Oh, but we’re just getting started. Time travel is, obviously, a tricky business - you don’t want to upset the balance of things, especially that far back. Change one thing in the past, and you could kick off a chain reaction affecting the entire evolution of the planet.

But wait! you say. Isn’t killing an Allosaurus changing the past? Not really, it seems, since they always kill the same Allosaurus in the exact same spot, ensuring that he’ll always land in the tar pit where his bones will be discovered millions of years later. For all this scientific ass-covering the script does, it never bothers to explain how they’re able to land in the exact same point in time on each trip and never meet themselves.

But it does not matter, because that it not the point of the film. You see, on their latest journey, somebody somehow changed something.

At this point, it is safe to assume that when the travelers return to 2055, everything will be different, since the entire stream of time has been altered. But no. “When you change something in the past,” a scientist informs us, “the future isn’t affected right way.” Indeed, the changes come, but only in the form of “time waves,” which hit once a day and cause the real 2055 to slowly but surely transform into the new 2055. Every time the next wave hits (starting and ending where, we never learn), something’s just a little different about Future Chicago. First, it’s the temperature. Then, the plant life. And then the animals. The humans will be the last change, one character decides, so we better get around to fixing time before the last time wave comes around.

I do not think science works the way they think it works.

Working out the sloppy science in “Thunder” is only the first of its many unintended joys. Another is its wonderful slump in imagination. Sixty-five million years of rewritten evolution, and all the writers can come up with are some poisonous vines, a sea monster straight out of “The Phantom Menace,” and a lethal mix of baboon and dinosaur. A baboonosaur!

And then there’s the issue of the plotline, which is so absent in continuity and logic that it should be given a medal. About halfway through the film, the main characters decide that the best way to fix everything is to send our hero (played by Edward Burns with his usual “I’m not getting paid enough to actually act” screen personality) back in time to meet the time travelers when they arrive on their trip. Tell ’em to turn around, prevent the change, the end. Except, well, no.

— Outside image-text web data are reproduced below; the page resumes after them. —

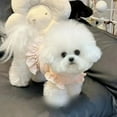 thumbnail image 2 of Adorable Pet Clothes for Cats & Small Dogs - Charming Spring & Autumn Wear, 2 of 2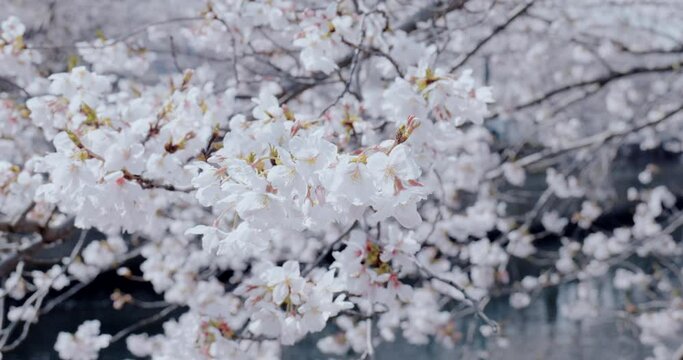 川にすだれるように咲き水面に反射してキラキラと輝く満開の桜の花　花見・春・入学・入社・卒業のイメージ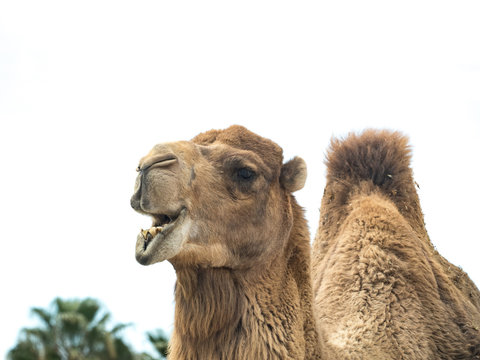 Two-humped camel (Camelus bactrianus) with funny expression isolated on white background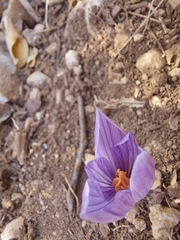Crocus pallasii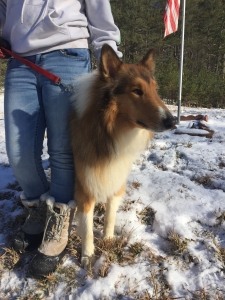 AKC registered male rough collie for stud Listing Image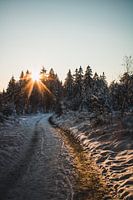 Coucher de soleil à la cime des arbres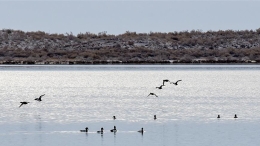 新疆乌伦古湖进入观鸟季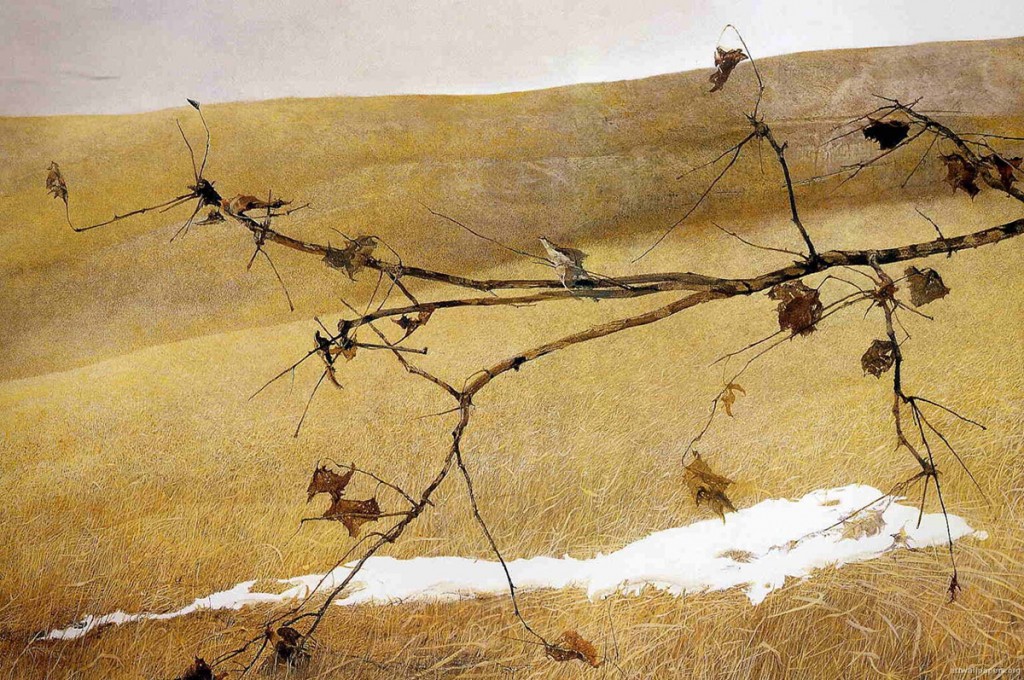 Andrew Wyeth "Long Limb" (1999)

Before they do this, the characters must waste a cool half hour of screen time running around the city, trying to find what exactly it was that got changed. They must find the two clients who went on the trip with them and ask them what’s what. Which is completely useless to the plan, since nobody needs to know what got changes, as long as somebody’s there to stop it in the first place.

But no, that would mean we wouldn’t get to see the creepy jungle Future Chicago has become. We wouldn’t have a chance to see the film turned into a dopey horror flick, in which the cast is picked off one by one as they trek across town and back again. And then they find what got changed, and then, apparently, the entire plan is rewritten without informing the audience, for by the time we finally - finally!! - go back in time again, it’s to do something completely different.

Oh, and the special effects are pretty crappy, too.

“A Sound of Thunder” is one of those films that make for a great night with your pals, allowing you to rip apart a movie fiasco from start to finish. It comes ready to bake right out of the box, complete with clumsy overacting, clunky dialogue, hamfisted direction, and general dopiness all around. If you like movies, you will do good to avoid it. But if you like Bad Movies, then catch this one as quickly as possible.